I spent a few years of my life working on eMarkets. It was a business that created a ton of hype, most of which came to naught as the protagonists were exceedingly ahead of their time, and even (gasp!) poorly thought out and even more poorly executed. I've always admired eBay for building a phenomenal market out of of exactly the kinds of customers that your MBA marketing classes would tell you never to go after -- the flea-market, short-a-dollar, nickel-squeezing types that make up the collectors, traders, antique dealers, and general sharp bargainin' eye-for-a-deal secondary market of the world.
eBay has done this so well, says the UK Guardian (new bastion of cutting edge tech analysis?) that the average wealth of a UK household has increased by 3000 pounds (about $5000 at current dismal exchange rates).
I suspect that increase in value is almost entirely attributable to two factors; a) the ability to monetize previously unsellable "long tail" items and b) the ability to maximize one's selling price for many "big tail" items that previously might have been sold at a discount for want of multiple competing buyers. Both of these are different aspects of a decrease in transaction costs, most particuarly the costs of locating a willing buyer, or (the flip side of the same deal) the buyer's costs of locating an appropriate item to buy.
This is probably a good time to go sideways into policy and plug Hernado de Soto's fantastic book The Mystery of Capital, which analyzes how a lack of clear, efficient system for allocating property rights in many countries prevents people from borrowing against the value of their homes, and causes cradle death for capitalism.
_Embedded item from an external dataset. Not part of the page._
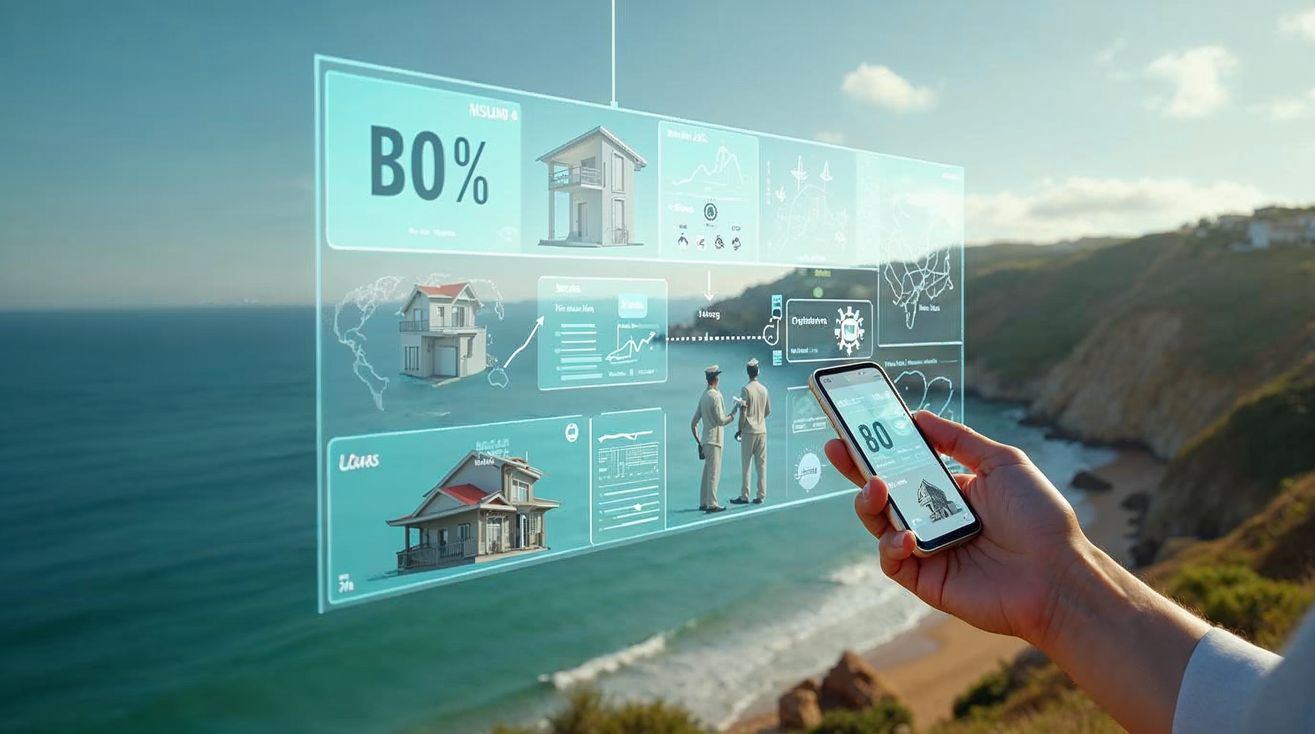 Portugal's real estate tech: how PropTech is transforming the market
It's kind of startling to stop and think that the ability to borrow against one's home is a fundamental basis for making our capitalistic world go 'round - and that liquidity is reflected in reasonably efficient mechanisms for turning a house into cash, or vice versa. eBay has taken a whole second tier of capital goods -- mostly what government statistics bureaus are fond of calling "durable goods" but plenty of other stuff, too -- and creating a market of sufficient liquidity that rather than being a straight purchase, the acquisition of many items can now be thought of more as a financial transaction where you go "long" the item in question against an expected curve of depreciation vs. usefulness, with an exit at some future date for a signficant fraction of the item's current value.
It's these kind of tertiary unexpected effects of the Internet that make world-changing techno-social systems so cool.